HOW TO COMPLETE THIS TASK —
Every line of the listing below is to be duplicated exactly, with the pictures left out.
═════ RECORDED INFORMATION
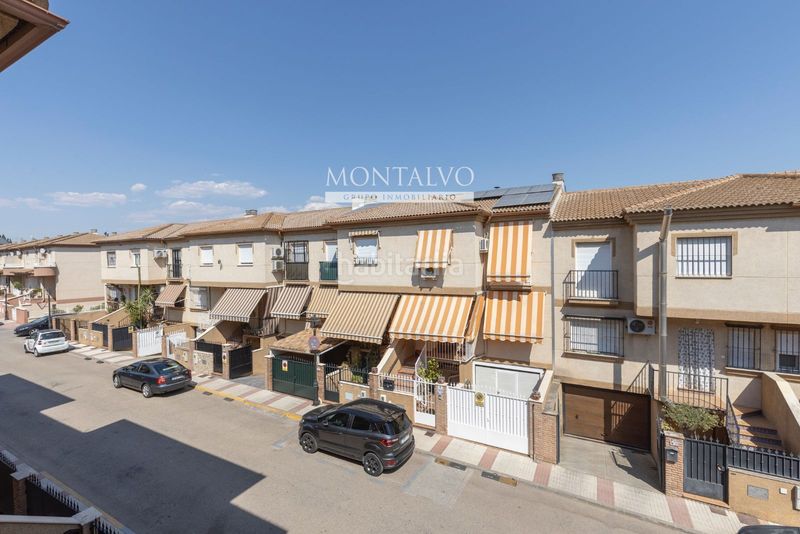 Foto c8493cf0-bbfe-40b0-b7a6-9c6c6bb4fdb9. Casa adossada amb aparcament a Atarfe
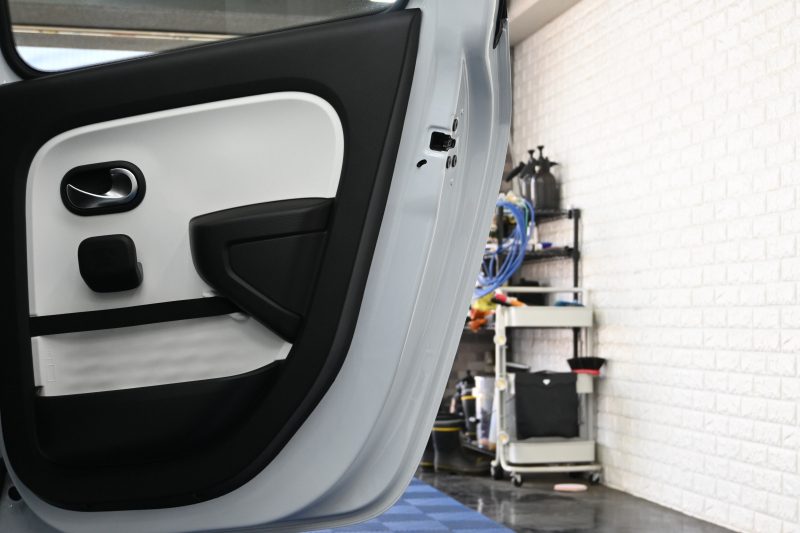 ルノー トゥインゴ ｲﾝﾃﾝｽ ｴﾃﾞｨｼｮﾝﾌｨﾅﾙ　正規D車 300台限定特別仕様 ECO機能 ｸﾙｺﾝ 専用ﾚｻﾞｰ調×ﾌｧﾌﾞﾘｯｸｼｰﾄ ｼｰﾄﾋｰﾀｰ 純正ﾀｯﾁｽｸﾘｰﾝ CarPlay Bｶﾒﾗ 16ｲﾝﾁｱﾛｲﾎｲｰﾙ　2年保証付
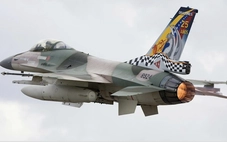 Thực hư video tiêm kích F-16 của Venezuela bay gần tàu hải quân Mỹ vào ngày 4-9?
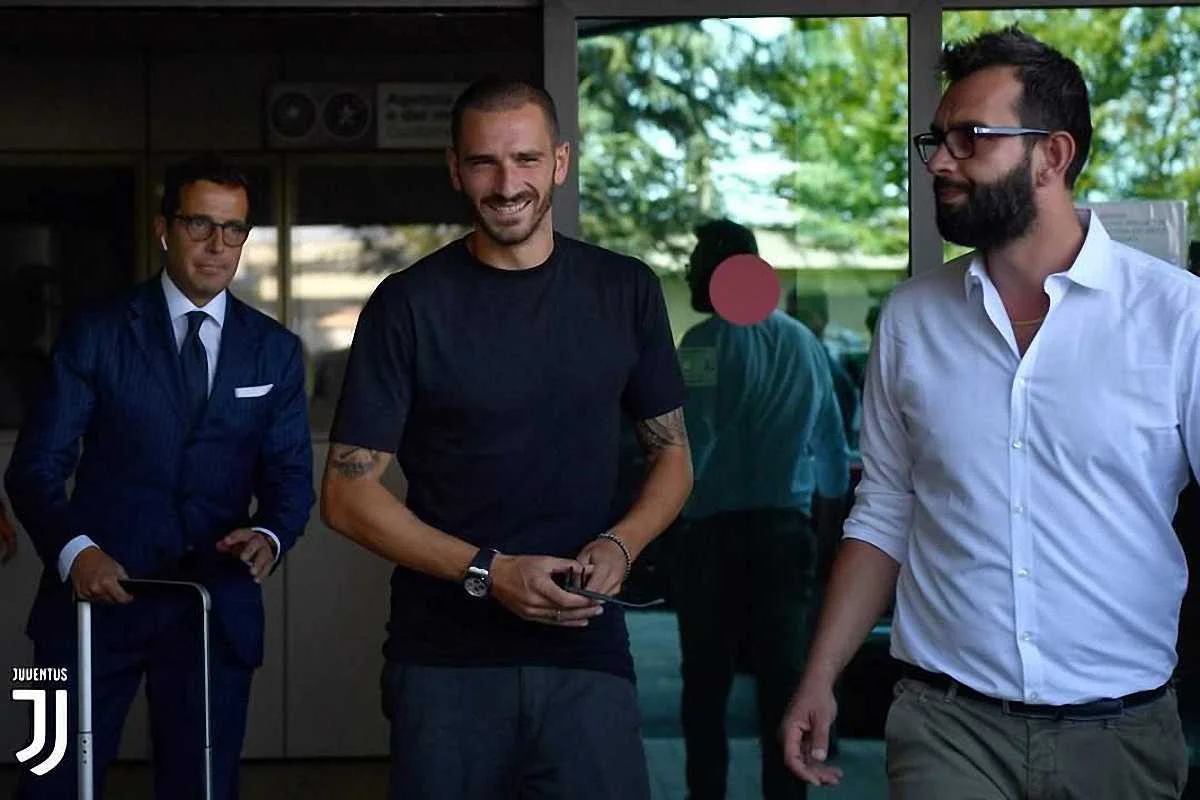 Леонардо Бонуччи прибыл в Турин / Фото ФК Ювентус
══════════
RESULT FOR THIS TASK —
 Foto c8493cf0-bbfe-40b0-b7a6-9c6c6bb4fdb9. Casa adossada amb aparcament a Atarfe
 ルノー トゥインゴ ｲﾝﾃﾝｽ ｴﾃﾞｨｼｮﾝﾌｨﾅﾙ　正規D車 300台限定特別仕様 ECO機能 ｸﾙｺﾝ 専用ﾚｻﾞｰ調×ﾌｧﾌﾞﾘｯｸｼｰﾄ ｼｰﾄﾋｰﾀｰ 純正ﾀｯﾁｽｸﾘｰﾝ CarPlay Bｶﾒﾗ 16ｲﾝﾁｱﾛｲﾎｲｰﾙ　2年保証付
 Thực hư video tiêm kích F-16 của Venezuela bay gần tàu hải quân Mỹ vào ngày 4-9?
 Леонардо Бонуччи прибыл в Турин / Фото ФК Ювентус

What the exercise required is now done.